### DIRECTIONS FOR THIS TASK
Reproduce exactly the lines below, starting with the line that contains "Bali Women's Comfort" and ending with the last line of the records, both included, and nothing else.

(ENTRIES PROVIDED Opens)

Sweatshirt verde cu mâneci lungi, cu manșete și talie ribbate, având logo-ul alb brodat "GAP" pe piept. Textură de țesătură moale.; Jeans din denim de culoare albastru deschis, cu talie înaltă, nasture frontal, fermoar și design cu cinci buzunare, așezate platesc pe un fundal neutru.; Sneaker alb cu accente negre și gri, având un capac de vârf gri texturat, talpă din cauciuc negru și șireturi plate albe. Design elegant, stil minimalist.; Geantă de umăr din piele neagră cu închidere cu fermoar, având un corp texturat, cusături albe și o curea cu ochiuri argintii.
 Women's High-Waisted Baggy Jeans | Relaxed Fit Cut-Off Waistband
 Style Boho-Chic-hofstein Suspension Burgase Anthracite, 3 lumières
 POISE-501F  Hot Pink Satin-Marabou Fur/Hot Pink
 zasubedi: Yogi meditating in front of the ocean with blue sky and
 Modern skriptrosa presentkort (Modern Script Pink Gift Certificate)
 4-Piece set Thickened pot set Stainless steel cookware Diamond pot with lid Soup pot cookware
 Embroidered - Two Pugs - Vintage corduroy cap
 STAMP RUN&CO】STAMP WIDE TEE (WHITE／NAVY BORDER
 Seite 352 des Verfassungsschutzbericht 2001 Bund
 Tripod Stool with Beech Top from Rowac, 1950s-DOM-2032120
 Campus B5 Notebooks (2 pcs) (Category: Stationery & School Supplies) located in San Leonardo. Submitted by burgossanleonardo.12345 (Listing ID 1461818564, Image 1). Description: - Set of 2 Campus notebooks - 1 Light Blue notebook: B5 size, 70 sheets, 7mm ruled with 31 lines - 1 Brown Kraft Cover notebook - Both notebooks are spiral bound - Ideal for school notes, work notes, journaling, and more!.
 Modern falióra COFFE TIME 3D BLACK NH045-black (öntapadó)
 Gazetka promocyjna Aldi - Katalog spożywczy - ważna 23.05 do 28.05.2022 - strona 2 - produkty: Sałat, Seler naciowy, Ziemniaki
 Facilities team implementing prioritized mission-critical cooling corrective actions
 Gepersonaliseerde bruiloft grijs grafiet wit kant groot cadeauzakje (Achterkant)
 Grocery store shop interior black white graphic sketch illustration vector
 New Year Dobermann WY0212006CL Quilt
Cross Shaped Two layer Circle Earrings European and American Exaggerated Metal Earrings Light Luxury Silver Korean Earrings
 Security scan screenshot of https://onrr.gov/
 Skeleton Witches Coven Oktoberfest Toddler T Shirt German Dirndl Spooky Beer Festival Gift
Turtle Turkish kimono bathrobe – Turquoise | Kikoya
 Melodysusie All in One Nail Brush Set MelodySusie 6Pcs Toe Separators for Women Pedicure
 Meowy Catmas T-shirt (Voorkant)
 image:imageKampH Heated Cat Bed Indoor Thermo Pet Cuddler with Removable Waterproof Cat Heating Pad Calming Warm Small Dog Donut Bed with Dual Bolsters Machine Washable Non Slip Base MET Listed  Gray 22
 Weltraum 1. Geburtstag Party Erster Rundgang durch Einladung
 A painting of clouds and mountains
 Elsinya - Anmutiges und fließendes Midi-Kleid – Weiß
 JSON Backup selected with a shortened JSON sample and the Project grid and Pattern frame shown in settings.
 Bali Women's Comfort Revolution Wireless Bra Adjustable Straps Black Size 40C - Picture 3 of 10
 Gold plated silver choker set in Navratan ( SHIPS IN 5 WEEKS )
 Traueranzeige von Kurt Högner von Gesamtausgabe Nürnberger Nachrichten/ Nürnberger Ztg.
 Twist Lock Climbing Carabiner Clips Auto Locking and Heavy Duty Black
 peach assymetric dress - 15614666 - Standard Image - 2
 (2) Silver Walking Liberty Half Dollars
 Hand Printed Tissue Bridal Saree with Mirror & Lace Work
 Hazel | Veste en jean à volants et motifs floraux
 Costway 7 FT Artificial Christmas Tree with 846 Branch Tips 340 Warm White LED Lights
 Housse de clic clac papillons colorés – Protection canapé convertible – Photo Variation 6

(ENTRIES PROVIDED Closes)

### ANSWER TO THIS PROBLEM
 Bali Women's Comfort Revolution Wireless Bra Adjustable Straps Black Size 40C - Picture 3 of 10
 Gold plated silver choker set in Navratan ( SHIPS IN 5 WEEKS )
 Traueranzeige von Kurt Högner von Gesamtausgabe Nürnberger Nachrichten/ Nürnberger Ztg.
 Twist Lock Climbing Carabiner Clips Auto Locking and Heavy Duty Black
 peach assymetric dress - 15614666 - Standard Image - 2
 (2) Silver Walking Liberty Half Dollars
 Hand Printed Tissue Bridal Saree with Mirror & Lace Work
 Hazel | Veste en jean à volants et motifs floraux
 Costway 7 FT Artificial Christmas Tree with 846 Branch Tips 340 Warm White LED Lights
 Housse de clic clac papillons colorés – Protection canapé convertible – Photo Variation 6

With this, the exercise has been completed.